The vehicle purchased by one of our adult children who has no license or insurance is already making me crazy. It's here when he's not. It's not here when he is. And if I assume that it's not here so he isn't, I"m stupid and should have woken him up for work. Apparently he was already pulled over once and then had the car impounded for something unrelated all within the first 48 hours of owning it. I knew it wasn't going to be a good plan, but of course, as Jimmy would say, "That's not rocket science." I think you probably would have been able to figure that out too, dear blog reader.

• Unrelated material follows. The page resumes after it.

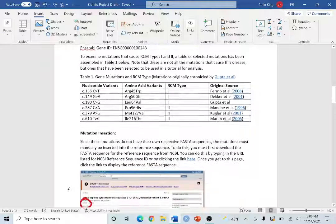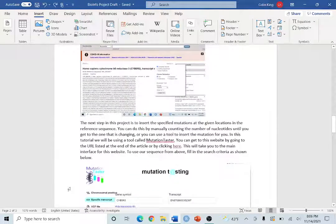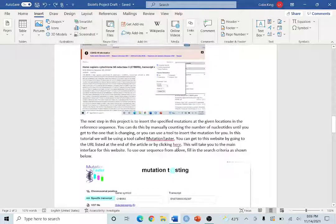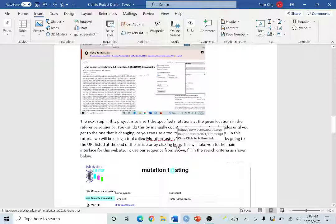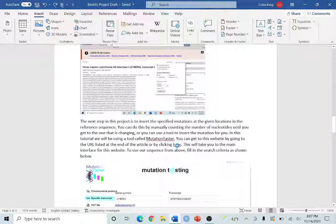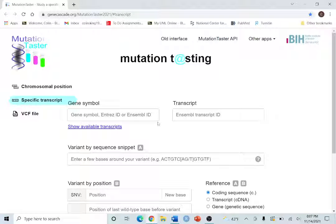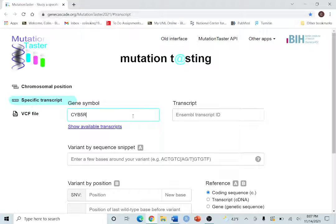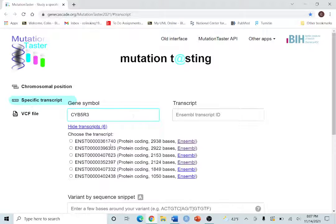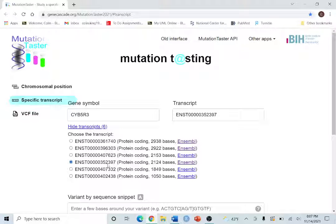To get to Mutation Taster, you can either click on the hyperlink right here in your video guide or there is a URL that's going to be at the end of the guide and you can use that. Our gene that we've been working with is our CYB5r3 gene and we want the ensemble transcript 2397, this one right here.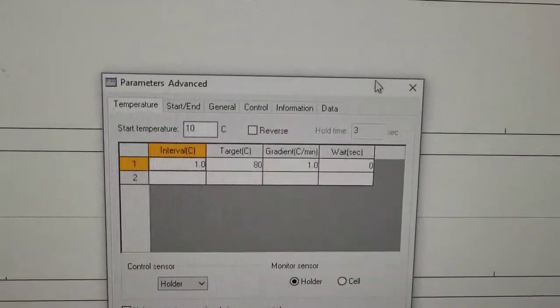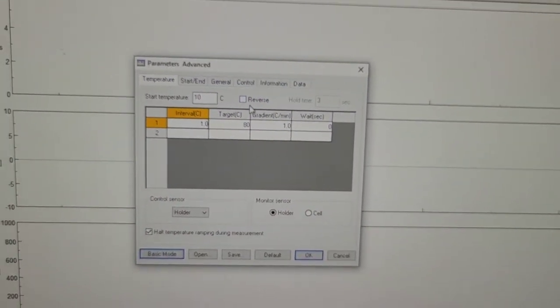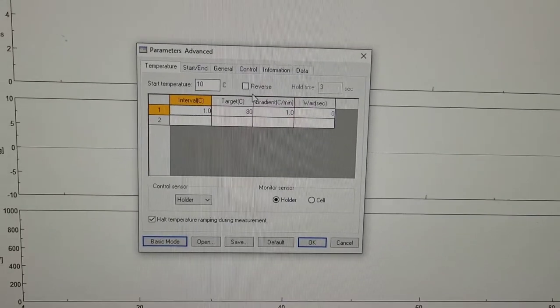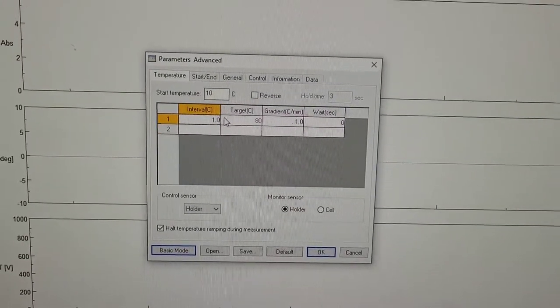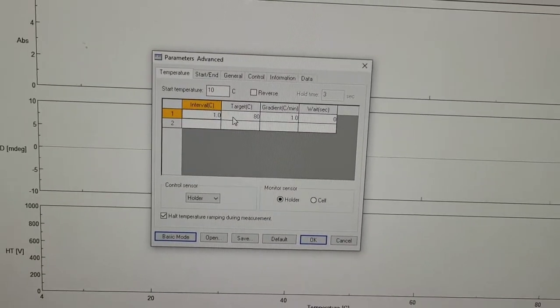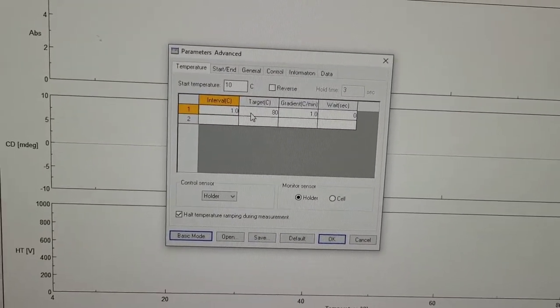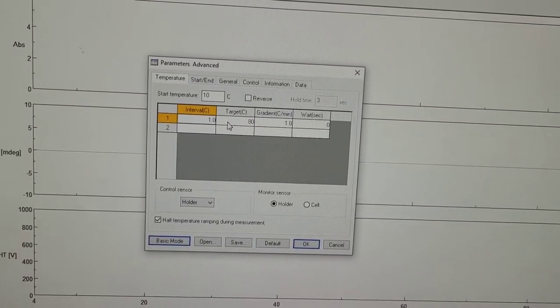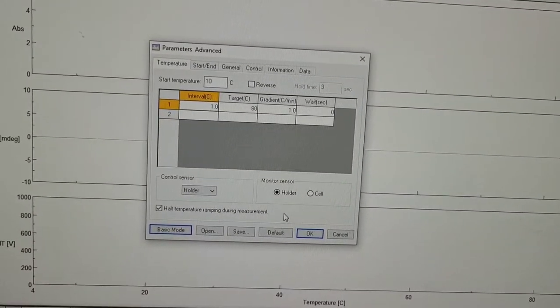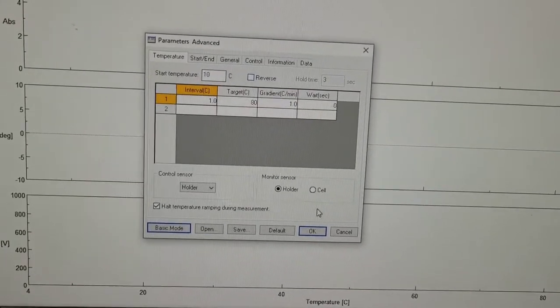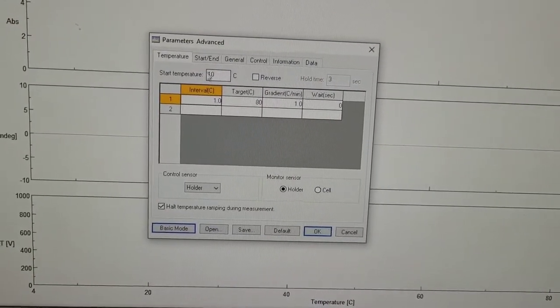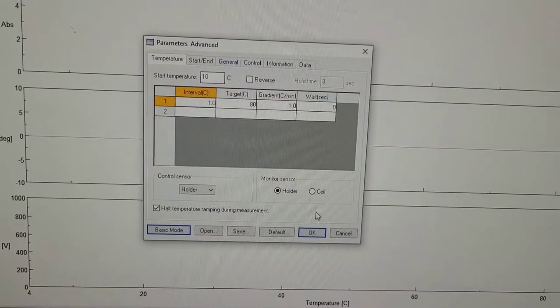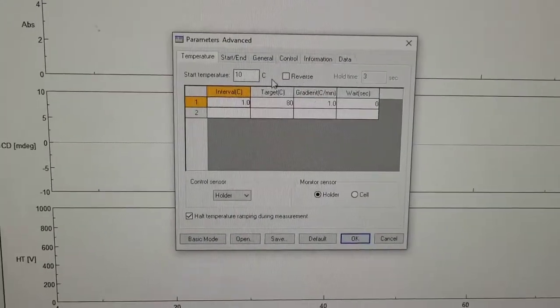So you can select reverse if you like. This will do everything in reverse. After you reach 80 degrees, it will bring the temperature down. And for some proteins, the denaturation can be reversible, but for my case, it definitely is not. So I will not bother doing this, but if it's your first time, I would say try it.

For the past 12 years, we have had a "clean your room quick on Saturday morning before you turn on electronics" rule. It's worked sometimes very well and sometimes not so well. But our two children who have been here all of those twelve years, decided it didn't apply to them, resulting in the exclamation, "Thanks a lot, mom, you've ruined my GDMF day." And the other "child" when I turned off the TV and took away the food he was eating in the living room, punched me and spit in my face and then kept declaring that he didn't "mean to."

I went out to the garage to get away from escalating him and to have a crying meltdown of my own. I could count the number of times I cried between the ages of 18 and 32 on one hand. I'm just not one for crying. It's a huge time waster if you ask me. So when I got out to the van and sat and cried I started getting impatient with myself. I gave myself a time limit as to how much time would be wasted by me crying. Bart came out to talk with me for a bit and by the deadline I was done.

I kind of laughed at myself though. I mean who puts time limits on their own meltdowns?

6 comments:

FosterAbba said...

I am sorry things are going so poorly at the moment. I do wonder, though, why did you not call police when your child punched you?

I'm not passing judgment -- I'm just curious. We've had problems with our daughter becoming violent and attacking us. At this point, she's going away to a summer boot camp in the hopes that it will improve her behavior.

Once she gets back, any hitting will be met with a swift call to 911.

Claudia said...

We did that "call the police route" and we saw where it led our kids. Residential treatment did not help them, it simply introduced them to a network of people who they could later run around with and taught them things they did not need to learn.

This child is controllable at home. He hit me, but it wasn't with the intent to seriously injure me. He lives right on the edge of needing me to call the police, but he knows he hasn't pushed it to the limit. He has grown up knowing where our limits are.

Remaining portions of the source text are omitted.